[Collected data entries]
+-------+

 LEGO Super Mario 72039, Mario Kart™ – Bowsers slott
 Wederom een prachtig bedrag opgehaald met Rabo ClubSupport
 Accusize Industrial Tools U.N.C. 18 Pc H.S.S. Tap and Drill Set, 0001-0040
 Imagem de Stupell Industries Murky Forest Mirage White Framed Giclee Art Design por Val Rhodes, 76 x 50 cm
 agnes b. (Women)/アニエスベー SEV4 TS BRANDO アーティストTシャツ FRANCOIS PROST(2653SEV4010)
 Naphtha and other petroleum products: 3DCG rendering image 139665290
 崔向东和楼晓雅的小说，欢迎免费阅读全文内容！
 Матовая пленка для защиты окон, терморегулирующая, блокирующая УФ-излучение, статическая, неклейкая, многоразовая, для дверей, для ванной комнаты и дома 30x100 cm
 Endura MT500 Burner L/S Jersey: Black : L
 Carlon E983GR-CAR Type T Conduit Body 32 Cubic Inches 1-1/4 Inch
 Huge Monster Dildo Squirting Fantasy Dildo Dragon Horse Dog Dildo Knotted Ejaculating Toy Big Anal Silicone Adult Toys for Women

+-------+

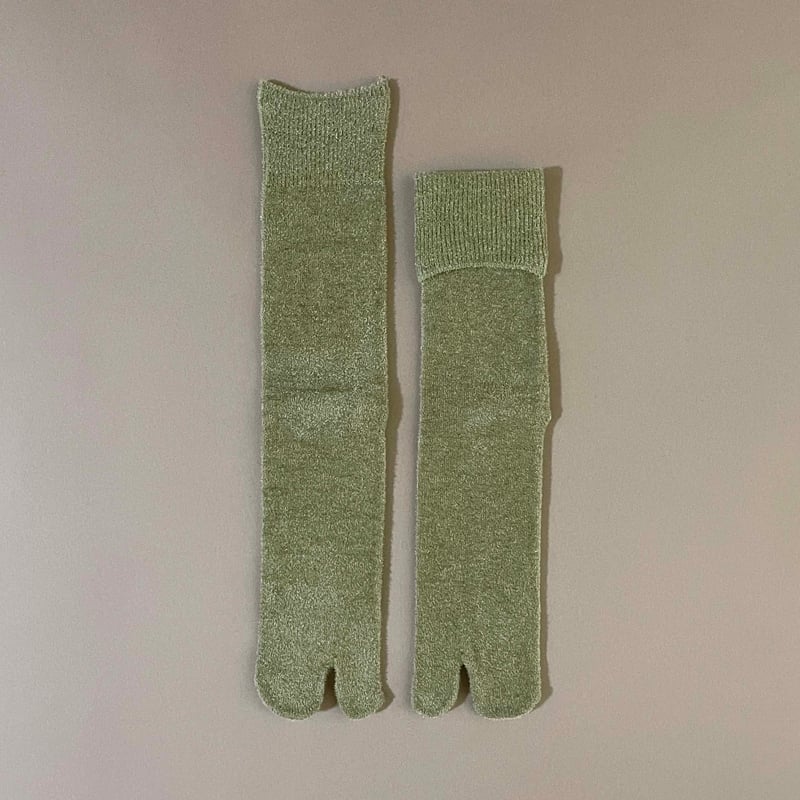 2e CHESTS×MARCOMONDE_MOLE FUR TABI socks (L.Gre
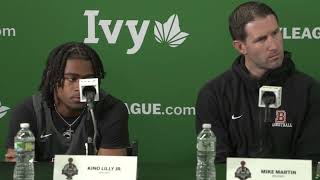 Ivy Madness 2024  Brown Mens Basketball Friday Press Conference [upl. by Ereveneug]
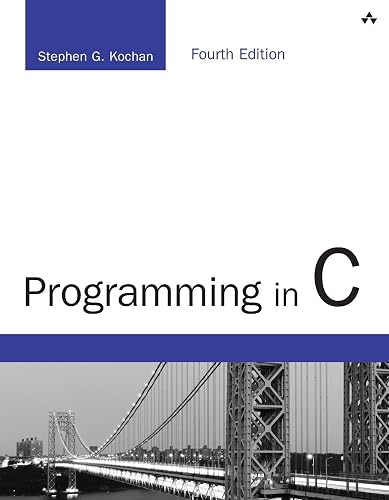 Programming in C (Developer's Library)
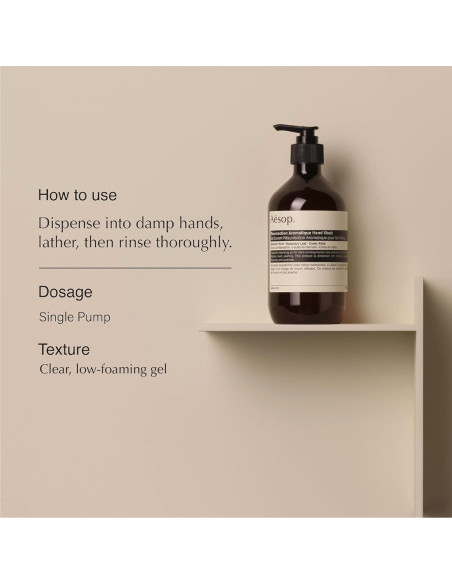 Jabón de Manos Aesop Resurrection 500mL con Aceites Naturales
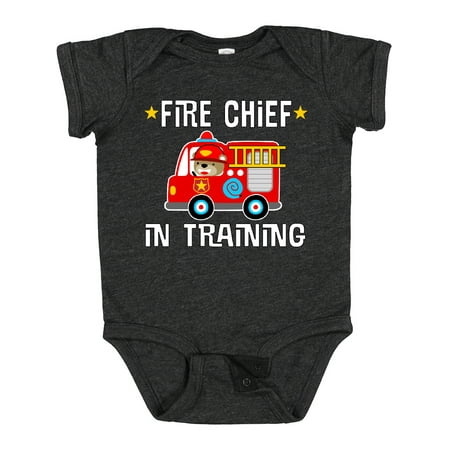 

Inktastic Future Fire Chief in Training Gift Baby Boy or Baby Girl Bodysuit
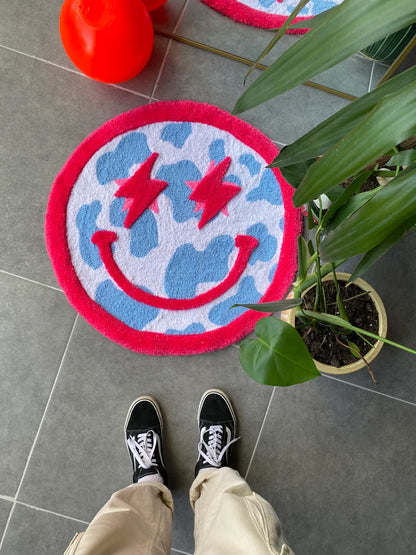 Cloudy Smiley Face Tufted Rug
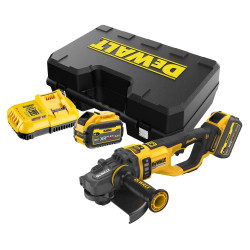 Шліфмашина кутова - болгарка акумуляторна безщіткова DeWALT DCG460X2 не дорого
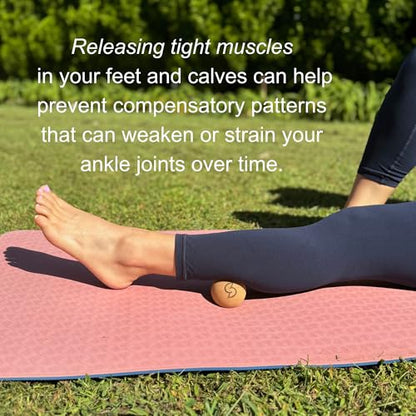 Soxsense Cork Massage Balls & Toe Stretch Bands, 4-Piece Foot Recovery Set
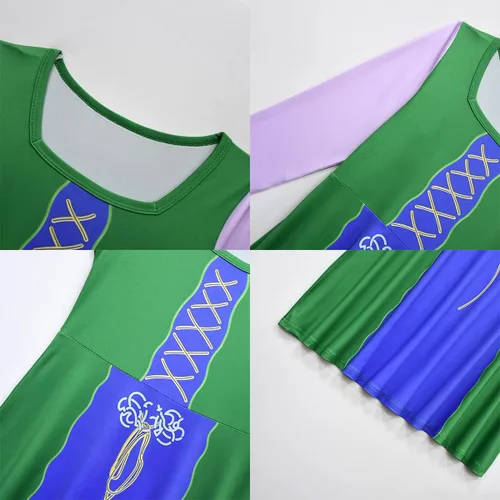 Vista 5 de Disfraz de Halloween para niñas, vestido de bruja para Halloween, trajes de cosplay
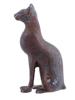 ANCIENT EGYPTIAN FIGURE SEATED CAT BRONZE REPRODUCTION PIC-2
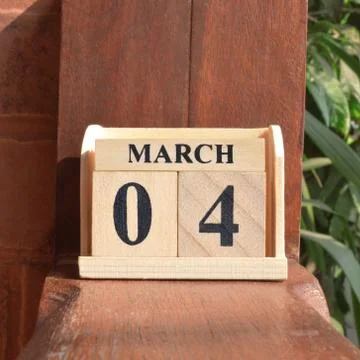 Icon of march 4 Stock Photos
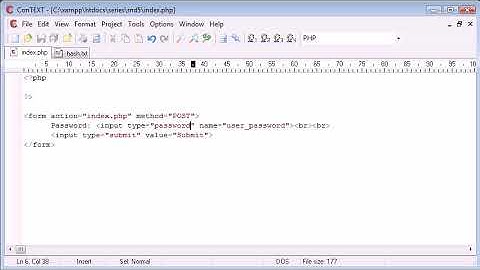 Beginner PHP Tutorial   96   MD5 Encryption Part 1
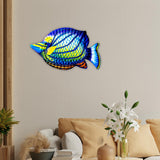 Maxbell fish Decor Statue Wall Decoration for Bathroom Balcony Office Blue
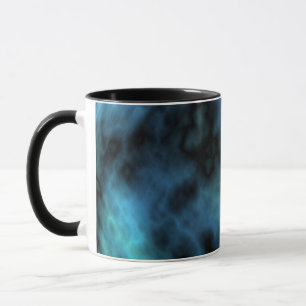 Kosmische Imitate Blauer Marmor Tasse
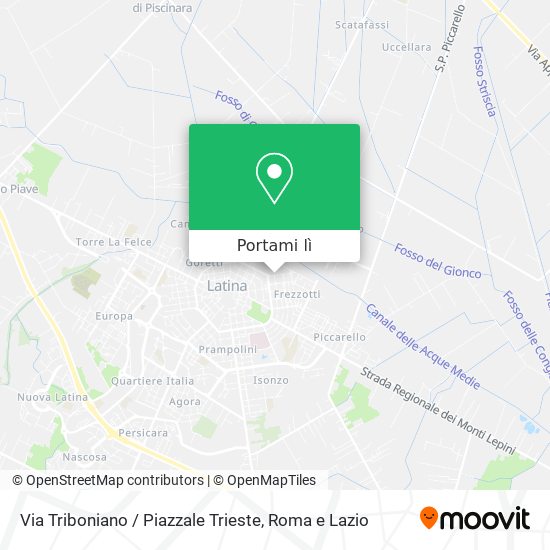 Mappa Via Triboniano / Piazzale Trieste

+-------+

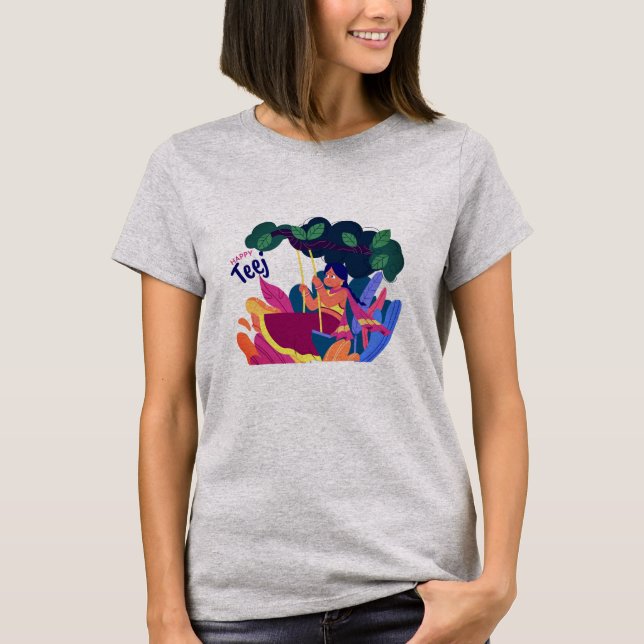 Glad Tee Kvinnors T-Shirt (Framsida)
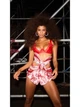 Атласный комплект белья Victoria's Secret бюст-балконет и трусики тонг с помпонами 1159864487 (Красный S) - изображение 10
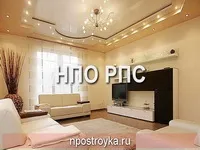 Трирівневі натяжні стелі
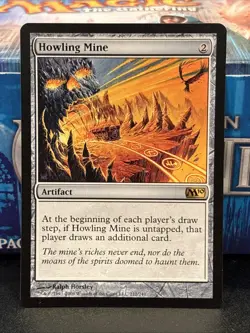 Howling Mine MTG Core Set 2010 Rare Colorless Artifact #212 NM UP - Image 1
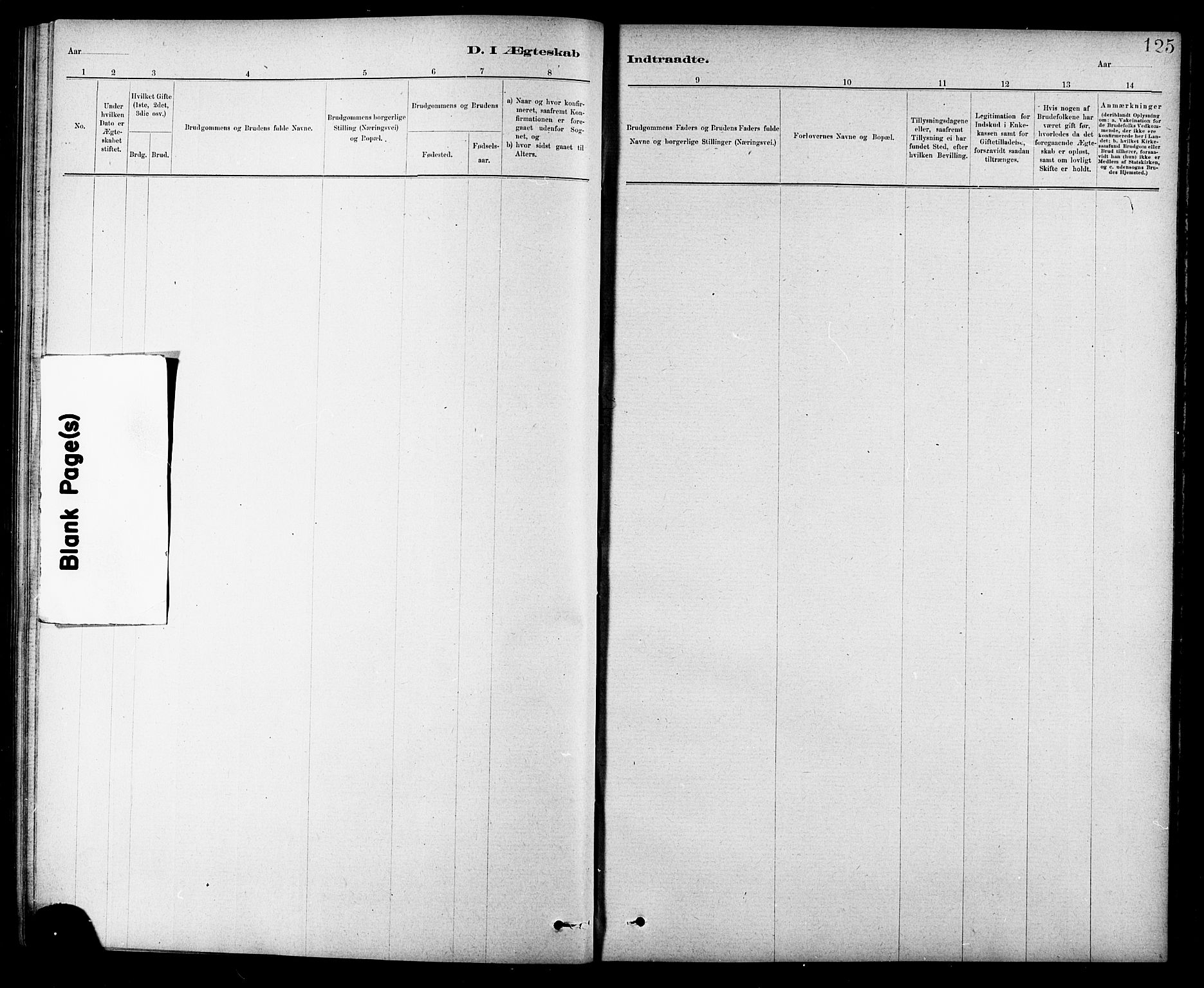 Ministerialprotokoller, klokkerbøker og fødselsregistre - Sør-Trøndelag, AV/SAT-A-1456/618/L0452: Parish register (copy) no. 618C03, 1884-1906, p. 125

+-------+

Leaving every picture aside, reproduce exactly the lines above from the one with "Programming in C (Developer's Library)" up to and including the one with "Mappa Via Triboniano / Piazzale Trieste", and no others.

 Programming in C (Developer's Library)
 Jabón de Manos Aesop Resurrection 500mL con Aceites Naturales

Inktastic Future Fire Chief in Training Gift Baby Boy or Baby Girl Bodysuit
 Cloudy Smiley Face Tufted Rug
 Шліфмашина кутова - болгарка акумуляторна безщіткова DeWALT DCG460X2 не дорого
 Soxsense Cork Massage Balls & Toe Stretch Bands, 4-Piece Foot Recovery Set
 Vista 5 de Disfraz de Halloween para niñas, vestido de bruja para Halloween, trajes de cosplay
 ANCIENT EGYPTIAN FIGURE SEATED CAT BRONZE REPRODUCTION PIC-2
 Icon of march 4 Stock Photos
 Beginner PHP Tutorial   96   MD5 Encryption Part 1
 Maxbell fish Decor Statue Wall Decoration for Bathroom Balcony Office Blue
 Kosmische Imitate Blauer Marmor Tasse
 Mappa Via Triboniano / Piazzale Trieste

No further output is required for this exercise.